Given entries
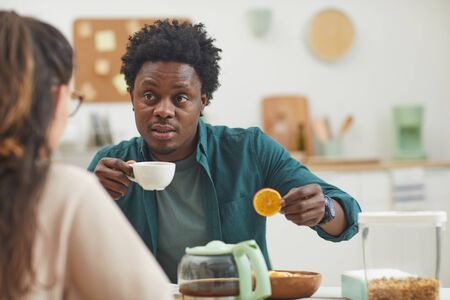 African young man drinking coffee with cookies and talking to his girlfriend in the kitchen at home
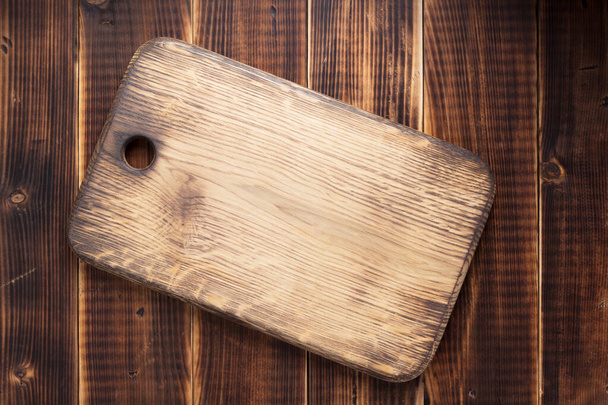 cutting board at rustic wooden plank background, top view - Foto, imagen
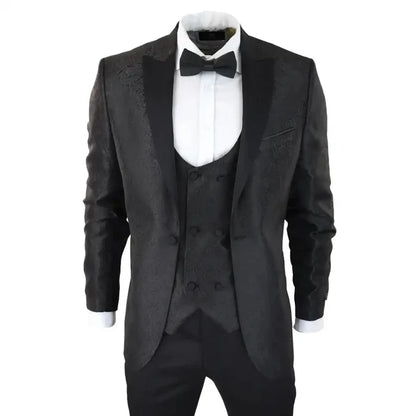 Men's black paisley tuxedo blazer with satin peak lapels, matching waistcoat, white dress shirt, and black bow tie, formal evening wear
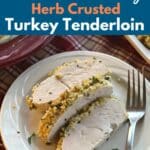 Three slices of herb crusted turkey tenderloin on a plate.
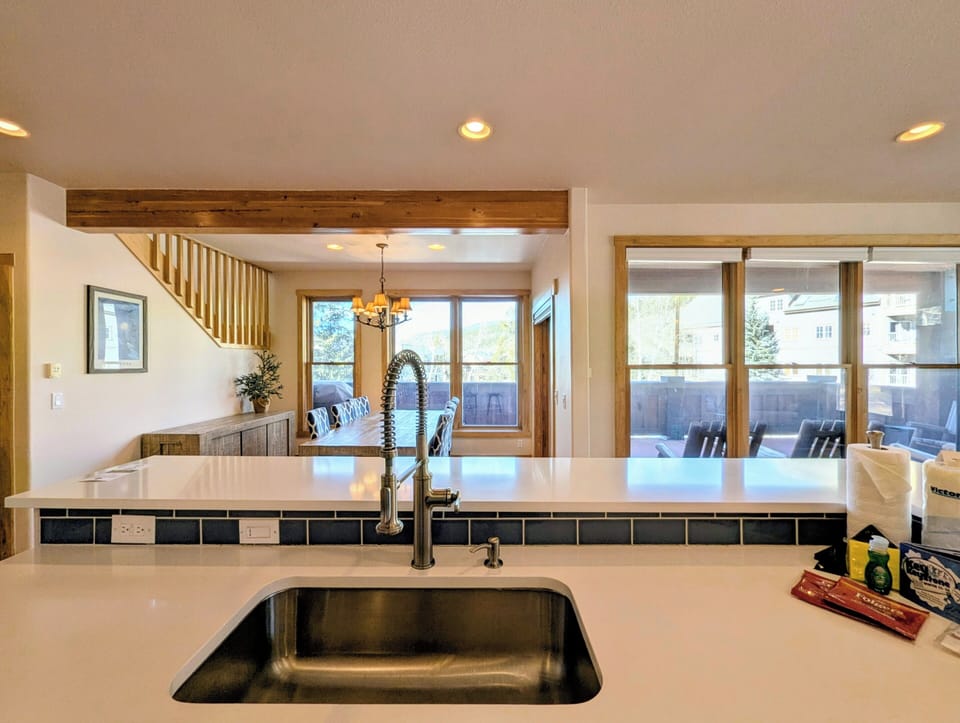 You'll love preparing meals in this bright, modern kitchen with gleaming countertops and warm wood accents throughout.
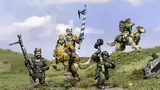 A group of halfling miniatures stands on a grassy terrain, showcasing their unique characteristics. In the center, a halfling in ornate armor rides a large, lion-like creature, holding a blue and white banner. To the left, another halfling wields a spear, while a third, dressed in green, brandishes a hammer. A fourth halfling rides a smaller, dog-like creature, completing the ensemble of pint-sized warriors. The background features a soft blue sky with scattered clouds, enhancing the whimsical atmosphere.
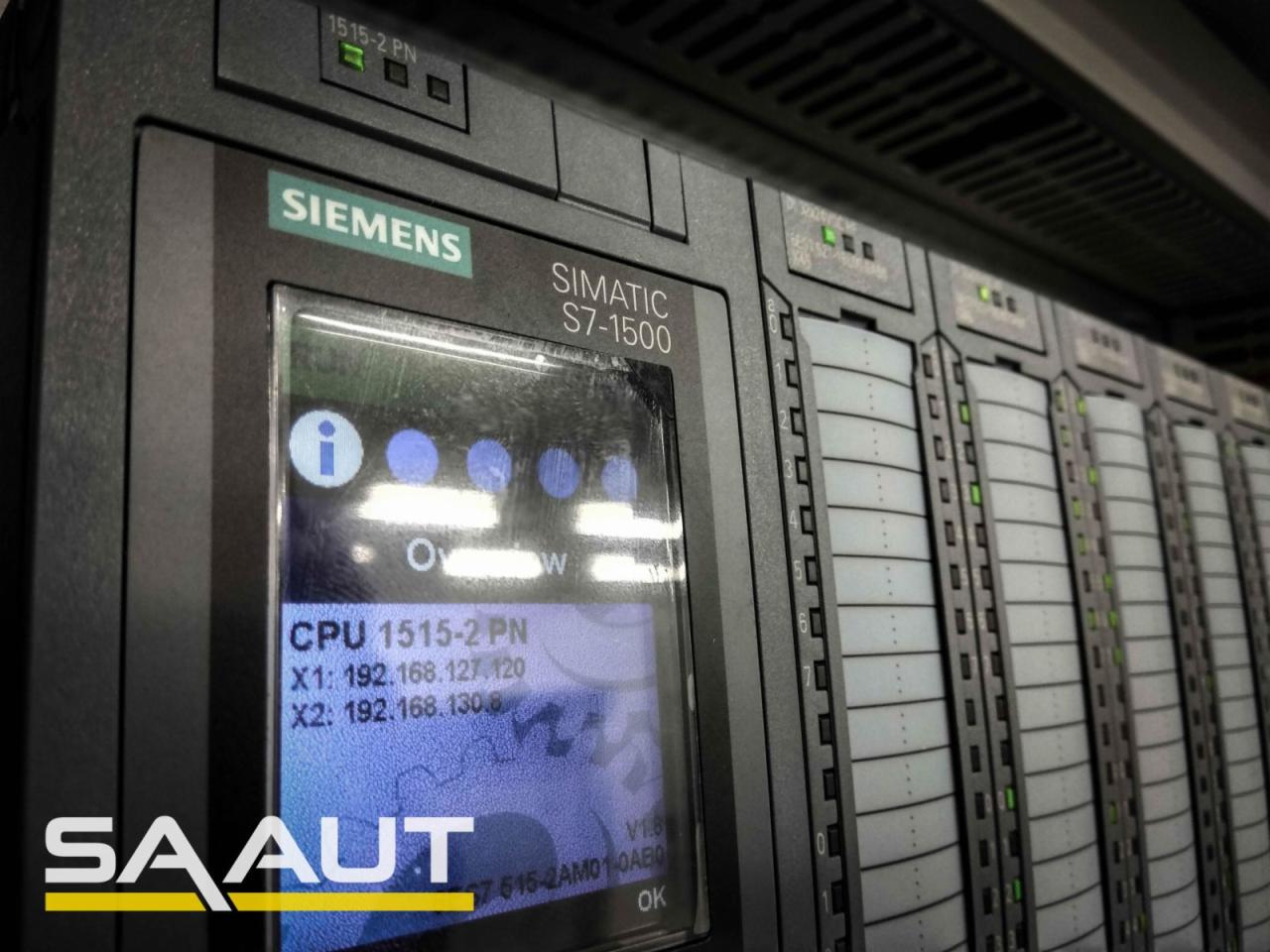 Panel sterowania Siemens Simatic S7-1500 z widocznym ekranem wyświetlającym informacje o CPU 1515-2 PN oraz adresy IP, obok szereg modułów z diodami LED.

Problem statement
Write every entry out again exactly, dropping the pictures.

Exercise answer
 African young man drinking coffee with cookies and talking to his girlfriend in the kitchen at home
 cutting board at rustic wooden plank background, top view - Foto, imagen
 Men's black paisley tuxedo blazer with satin peak lapels, matching waistcoat, white dress shirt, and black bow tie, formal evening wear
 Three slices of herb crusted turkey tenderloin on a plate.
 You'll love preparing meals in this bright, modern kitchen with gleaming countertops and warm wood accents throughout.
 A group of halfling miniatures stands on a grassy terrain, showcasing their unique characteristics. In the center, a halfling in ornate armor rides a large, lion-like creature, holding a blue and white banner. To the left, another halfling wields a spear, while a third, dressed in green, brandishes a hammer. A fourth halfling rides a smaller, dog-like creature, completing the ensemble of pint-sized warriors. The background features a soft blue sky with scattered clouds, enhancing the whimsical atmosphere.
 Panel sterowania Siemens Simatic S7-1500 z widocznym ekranem wyświetlającym informacje o CPU 1515-2 PN oraz adresy IP, obok szereg modułów z diodami LED.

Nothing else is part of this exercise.